Seguramente hay confundidos y anexionistas, vendepatria y hasta mercenarios dentro de una masa humana que estalla. Pero esas etiquetas, colgadas con entusiasmo en cada discurso oficial, no sirven para tapar el sol.

Pueblo. En las calles estaba el pueblo. Sin internet dejaron al pueblo. Para que no viera, ni denunciara, ni pidiera ayuda, ni se articulara. ¿Quién lo hizo? Los únicos que podían hacerlo: los dueños de las calles, del internet, de la electricidad, de los acueductos. Que debían administrarlos en nombre del pueblo. Pero al parecer lo olvidaron.

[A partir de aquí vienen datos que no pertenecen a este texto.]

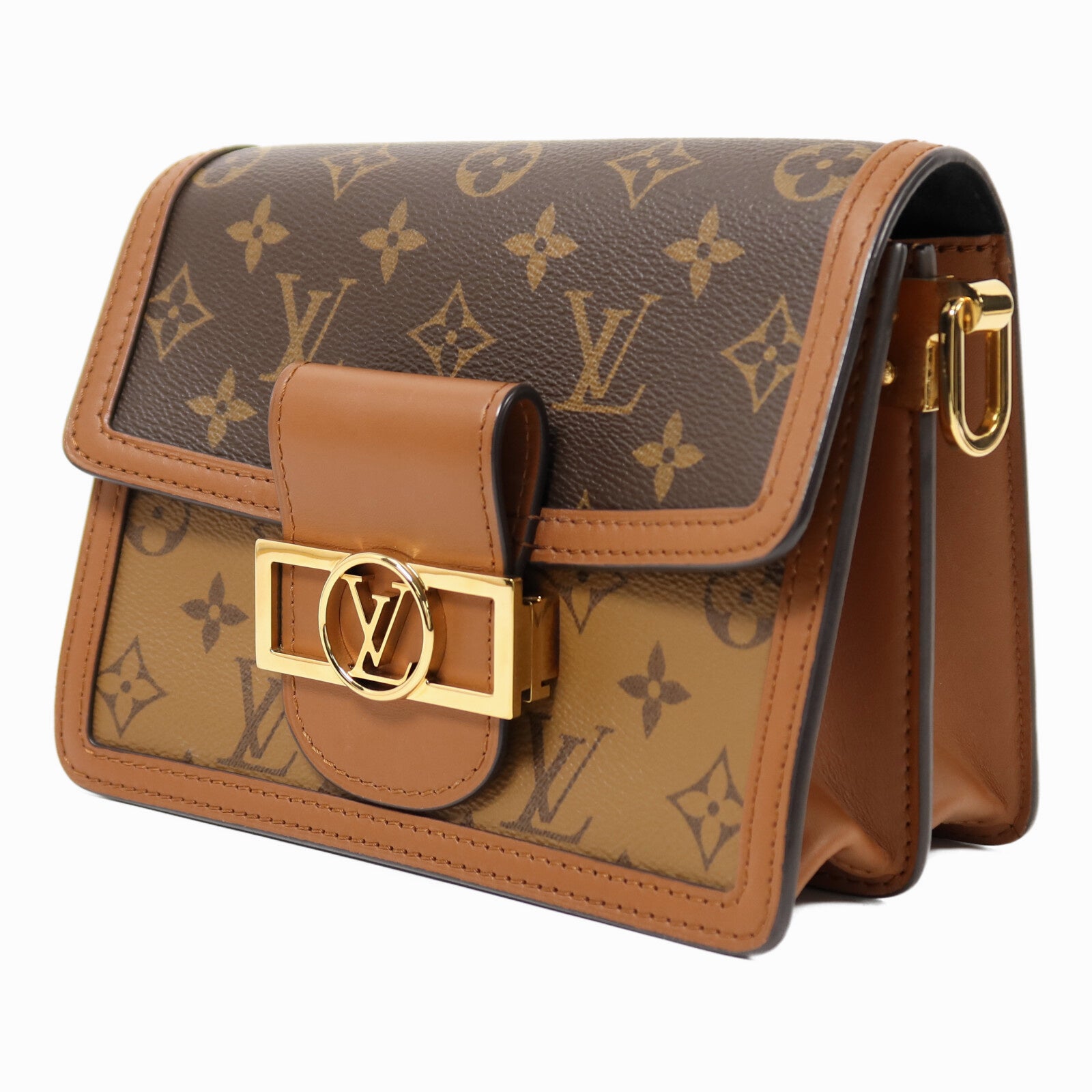 LOUIS VUITTON 【激減優惠】Monogram Reverse Mini Dauphine金扣肩背袋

¿Le estará pagando la CIA a Adalberto Álvarez, cuando posteó «duele ver las manoplas en manos de la autoridad para agredir a personas indefensas»? ¿Con qué billete del Pentágono estarán comprando la voz de Leo Brouwer para escribir: «Cuando el cubano protesta, no cabe duda de que la política o mejor dicho, el poder político y militar se ha extralimitado. ¿Cómo pueden vivir tranquilos?». ¿De qué oficina estadounidense le estarán girando cheques a Los Van Van —aquellos que surgieron al calor de la Zafra de los 10 millones— para que lleguen a expresar: «Apoyamos a los miles de cubanos que reclaman sus derechos, debemos ser escuchados». ¿Y a Litz Alfonso, a Yuliet Cruz, y a Laura de la Uz? ¿Estará demente el respetable Noam Chomsky, que unió su firma a decenas de prestigiosos intelectuales de izquierda para pedir excarcelación de varios presos en la revuelta? ¿Y los otros, los cientos y cientos sin liderazgo de opinión ni obra artística o académica que salieron como un bólido? ¿Pagados? ¿Confundidos? ¿Manipulados? ¿Todos? ¿Al mismo tiempo?

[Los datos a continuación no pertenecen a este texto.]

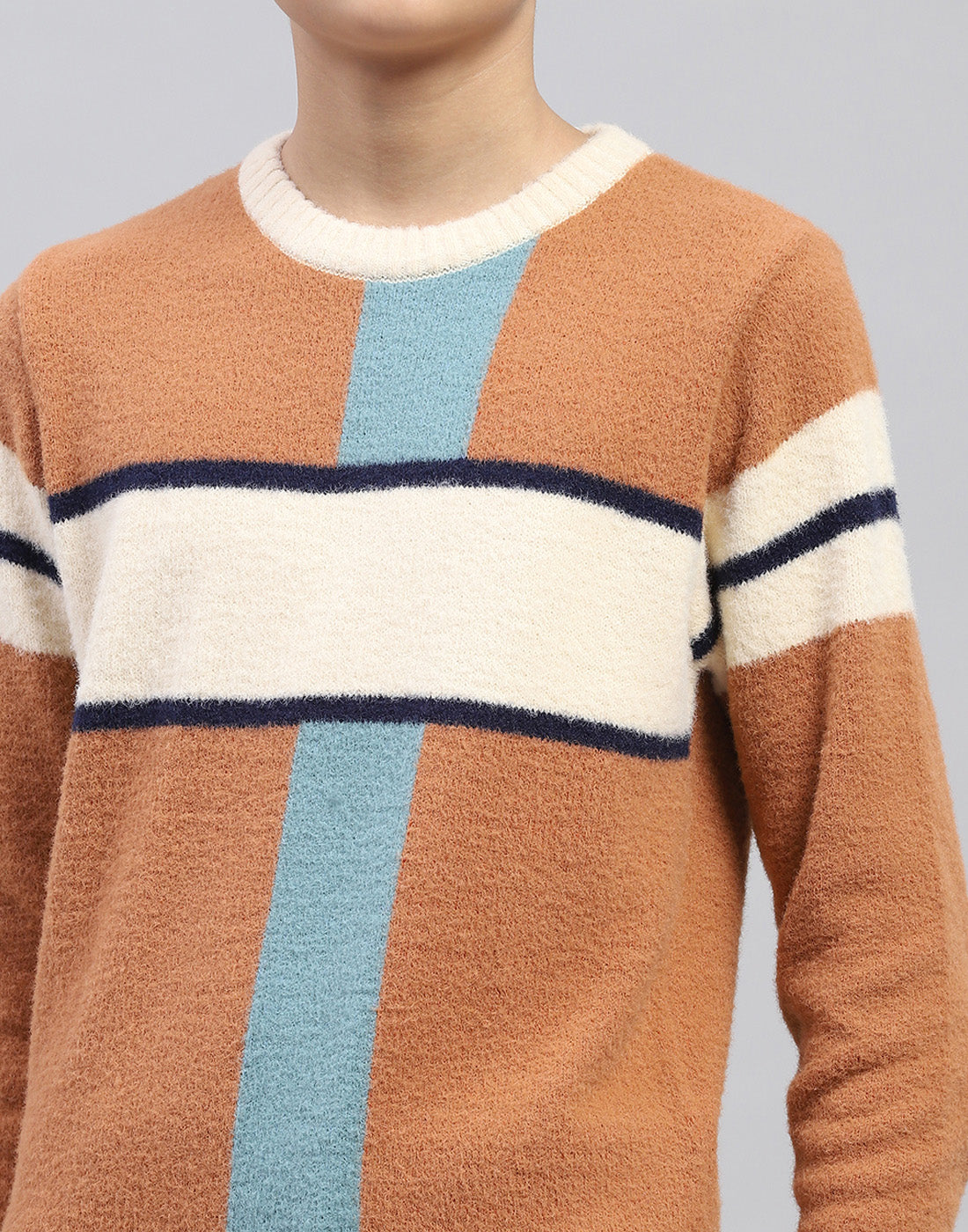 Boys Brown Stripe Round Neck Full Sleeve Pullover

Uno, ingenuo todavía, pensaba que aquí ni siquiera existían trajes, armamento y escudos antimotines; pero sí, todo estaba comprado y guardado para cuando hiciera falta reprimir. ¿Qué pensarán, a cuáles instintos animales echarán mano quienes tonfa o palo en mano salen a golpear a un semejante? ¿Tanto odio se ha alimentado desde los polos, que el sonido de un hueso roto no remueve hasta la médula? Ah, Vallejo, yo no sé. Pero sí creo saber que la represión descarnada es un camino sin regreso.

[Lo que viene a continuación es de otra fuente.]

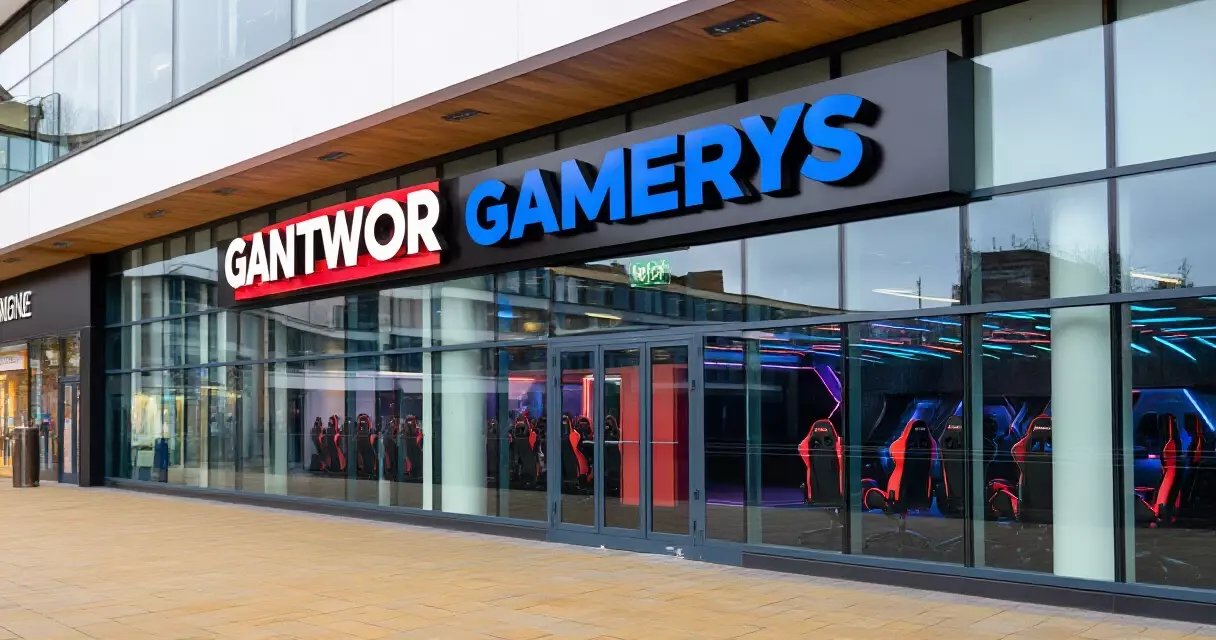 Exterior of a UK gaming venue in a shopping centre retail environment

Hay decenas de presos y desaparecidos, aunque la cancillería y la fiscalía cubana no se enteren.

Hay madres reclamando en las estaciones por sus hijos, aunque los ministros lo ignoren.

Hay un país más fracturado, que a la crisis económica de treinta años y la pandémica de 17 meses, ahora suma una crisis de estabilidad social. Y la gestión política de los que deben resolverla parece no tener apuro.

Cerremos el paso a los oportunismos de toda laya.

Apliquemos el bálsamo de la reconciliación a los rencores.

El Amor, me recordaba una maestra en estos días, es, como sabía el Apóstol, «la única ley de autoridad». Pero la vida y la muerte no esperan.